To be honest, I more like exceptions with combination of some catching system (like Akka actors that crash on exception) or no exception catching at all (let the exception crash the process!), but it’s much better than most of code full of try {...} catch {...} which I have seen. Maybe that using exceptions comes with better understanding of deeper programming principles.

The Go way of closing resources is repetitive (and you may forget to do it), but works well in practice:

f, err := os.Open("test.txt")
if err != nil { return err }
defer f.Close() // called when `f` leaves scope

A memory is GC-managed in Go, you need to close only things like files, network sockets etc. The C++ version of above:

std::fstream fs;
fs.open("test.txt")
// the destructor f.~() is called when `f` leaves scope

is IMO more pleasing, but honestly I saw much C++ code with various Close() calls instead of leaving the clean up to destructors.

For more complex stuff about resources you need to understand move semantics in C++ or Rust and most people don’t (that’s just the fact, the move semantics is not in many mainstream languages). The resource management is a hard topic in general (mostly in the presence of asynchronicity).

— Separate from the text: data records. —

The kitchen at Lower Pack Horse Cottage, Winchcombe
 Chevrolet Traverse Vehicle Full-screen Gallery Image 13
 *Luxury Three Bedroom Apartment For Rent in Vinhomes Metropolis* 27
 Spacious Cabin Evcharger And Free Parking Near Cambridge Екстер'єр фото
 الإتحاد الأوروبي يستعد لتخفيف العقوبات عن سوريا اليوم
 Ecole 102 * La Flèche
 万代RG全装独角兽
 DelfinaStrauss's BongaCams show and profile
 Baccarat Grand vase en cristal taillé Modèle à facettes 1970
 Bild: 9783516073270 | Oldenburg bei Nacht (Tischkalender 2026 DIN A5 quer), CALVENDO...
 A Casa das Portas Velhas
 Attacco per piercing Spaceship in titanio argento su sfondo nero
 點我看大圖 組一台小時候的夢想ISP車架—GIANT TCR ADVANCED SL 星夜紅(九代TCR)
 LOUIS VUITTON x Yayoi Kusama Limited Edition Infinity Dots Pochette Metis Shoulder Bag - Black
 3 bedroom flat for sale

The Go way is good for Java programmers and IMO just works. Usually programmers know what they need to close and Go makes this explicit. And defer is definitely much better than trying to close manually at every exit point. It is IMO better than use-with-resources blocks known from Java, C# or Python. It is worse than RAII, but doesn’t require any deeper knowledge.

When you have error as value on last return position, you can’t compose two functions func f() (T, error) and func g(t T) (U, error) and have to name the intermediate variable: t, err := f(); if err != nil {...}; u, err := g(t); .... This is quite annoying. On the other hand it’s your responsibility to handle a potential error (or ignore it).

Although this is an imminent experience, it does not look overall much important; it is not a judgement point on Go.

Lack of generics. One may wonder that a language without generics may have any success. The important remark here is that you still have map[K]V type and []T slice type which provide the most needed type safe collections (think of Python dict and list). It’s very sad that you can’t have even generic maximum function comparing two numbers of the same type.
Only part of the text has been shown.